April 19, 2024

Laura Bates on how to participate in the 16 Days of Activism Against Gender-Based Violence

Today (25 November) is the International Day for the Elimination of Violence Against Women, marking the start of 16 Days of Activism Against Gender-Based Violence: an international campaign calling for the prevention and elimination of violence against women and girls VAWG.

Gender-based violence is currently at a crisis point, affecting an estimated more than 1 in 3 women worldwide. The most recent global estimates suggest that a woman or girl is killed by someone in her own family every 11 minutes. While the Covid-19 pandemic has clearly exacerbated the problem, a UN campaign notes that “there is … more evidence than ever before that VAWG is preventable. ”

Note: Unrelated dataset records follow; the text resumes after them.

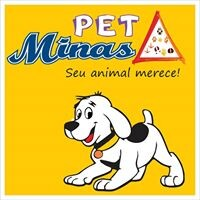 Logotipo da empresa PET MINAS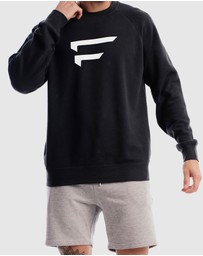 First Division - Performance Logo Crewneck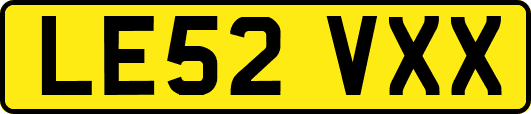 LE52VXX
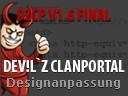 Designanpassung - deV!L`z ClanPortal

SARSAS, a specialist service for people affected by sexual violence across Bristol, BANES, Somerset, North Somerset and South Gloucestershire, has partnered with author and activist Laura Bates to launch the #16DaysChallenge. This campaign is encouraging people to think of one change that would make a difference in the fight against VAWG rather than relying on victim-blaming advice that holds women responsible for their own safety.

GLAMOUR spoke to Laura Bates to learn more about the campaign, how people can get involved, and why it’s up to the policy-makers to take notice.

GLAMOUR: Hi Laura! Thanks so much for finding the time to speak with us today. What is the #16DaysChallenge, and how can people get involved?

Laura Bates: The idea is to shift our societal focus on ideas around solving sexual violence, which too often focuses on victims and telling them what to do or not to do. Every woman I think will relate to don’t wear a short skirt in case you’re asking for it, don’t wear heels in case you need to run, cover your drink in a club, go to the bathroom in groups, text each other when you get home safely, walk home with your keys between your fingers, and a million other things that we expect women to do on a day-to-day basis.

And it’s not just societal; it’s coming from official spaces as well. It’s things like the Police Crime Commissioner saying that Sarah Everard shouldn’t have submitted to Wayne Couzens and that women need to be more “streetwise. ” It’s a male leader of a city council after Bobbi-Anne McLeod’s murder saying that we shouldn’t be putting ourselves in compromising positions.

«It’s about putting the focus where it belongs, onto actionable solutions that don’t involve blaming victims. »

And it’s maddening because it means that we’re never focusing on the real source of the problem, which is male violence, and the real nature of the problem, which is structural. These aren’t isolated incidents. Very sadly, we know that women and girls all over the world experience sexual violence at different times of day in different dress, including covered from head to toe, in different places at different ages. And there is no single thing they have in common that women can magically avoid, because the only thing they have in common is coming into contact with a perpetrator who’s made a choice to commit an act of abuse.

So, we need to focus partly on men and male perpetrators and male violence and recognising that for what it is, but also on structural solutions in education, in politics, and the failings in the police, if we’re going to move forward. And the 16 Days Challenge is all about that. It’s about putting the focus where it belongs, onto actionable solutions that don’t involve blaming victims.